Come per la Libia due anni fa, oggi in Siria. I ministri degli esteri europei ieri hanno approvato a vantaggio dei ribelli la deroga parziale all’embargo sul petrolio siriano. Non su quello controllato dal governo di Damasco, ovviamente. Significa che le società europee avranno la facoltà di importare il petrolio venduto dalla Coalizione Nazionale (CN) dell’opposizione che a sua volta potrà ricevere i macchinari necessari per l’estrazione. «Le autorità competenti nei Paesi membri dell’Ue potranno autorizzare tre tipi di transazioni: importazioni di petrolio e prodotti petroliferi, esportazioni alla Siria di materiale e tecnologia per l’industria petrolifera e del gas, investimenti nel settore petrolifero siriano», è spiegato nel comunicato diffuso al termine dell’incontro. Lo stesso era accaduto in Libia, quando il Consiglio Transitorio che controllava Bengasi e le regioni orientali del paese ebbe modo di riparare gli impianti di estrazione e di esportare il petrolio subito, grazie all’aiuto del Qatar, ora impegnato anche in Siria a sostegno dei ribelli.

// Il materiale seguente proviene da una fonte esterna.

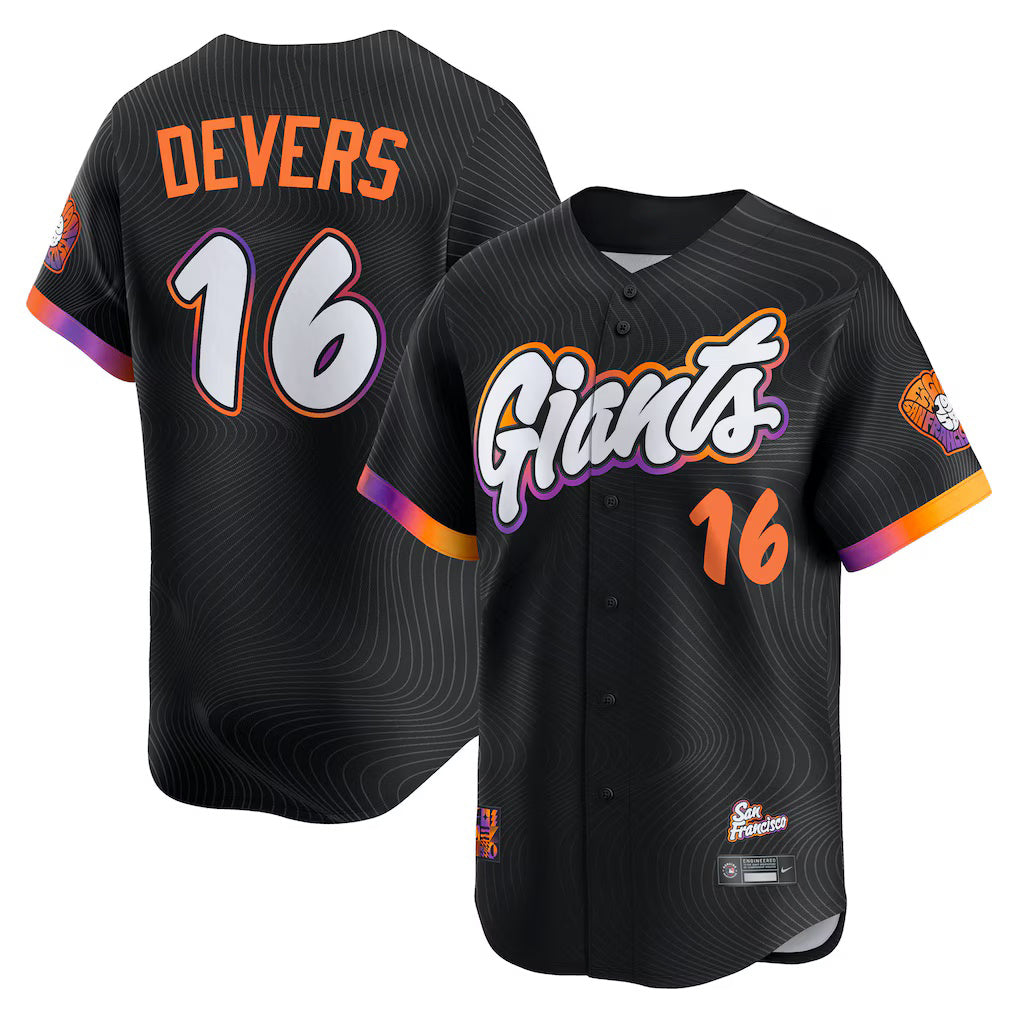 seanshop  San Francisco Giants #16 Rafael Devers Black  2025 City Connect Limited Player Jersey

Bruxelles aveva imposto un embargo sul petrolio siriano nel settembre del 2011 e la decisione di ieri permetterà ai ribelli di incassare ingenti fondi per  il «governo provvisorio» del «premier» Ghassan Hitto che dovrebbe amministrare le aree «liberate» nel nord-est della Siria nelle mani dei ribelli sunniti. Ieri il Consiglio nazionale siriano (Cns) dominato dai Fratelli musulmani e sostenuto dal Qatar, ha ulteriormente rafforzato la sua posizione di dominio sull’opposizione ottenendo che il suo presidente, George Sabra, prenda temporaneamente il posto di capo della Coalizione Nazionale in sostituzione del dimissionario Mouaz al Khatib.

L’Europa accellera ma ieri non è prevalso un unico orientamento sull’allentamento anche dell’embargo sulle armi, sempre a vantaggio dei ribelli. Tuttavia si sono fatte più forti le pressioni di Gb e Francia per l’invio di armamenti alle formazioni che combattono l’esercito regolare siriano. E’ difficile però che gli Europei decidano di dare ai ribelli le armi sofisticate che si rifiutano di fornire gli Stati Uniti, come è emerso alla riunione degli “Amici della Siria” della scorsa settimana a Istanbul. L’opposizione chiede armi antiaeree ma Usa e Ue – anche a causa della contrarietà di Israele che teme che passino in «mani sbagliate» – almeno per ora non forniranno i missili che potrebbero consentire ai ribelli di limitare la superiorità aerea delle forze governative. Israele peraltro ha confermato implicitamente di essere dietro i bombardamenti non lotano da Damascodi fine gennaio, quando un raid aereo ha colpito un convoglio siriano in apparenza con razzi antiaerei destinati ad Hezbollah in Libano. Il ministro della difesa, Moshe Yaalon, ieri durante una conferenza stampa congiunta con il Segretario della Difesa americano Chuck Hagel ha detto che «quando (i siriani) hanno oltrepassato le linea rossa, abbiamo agito».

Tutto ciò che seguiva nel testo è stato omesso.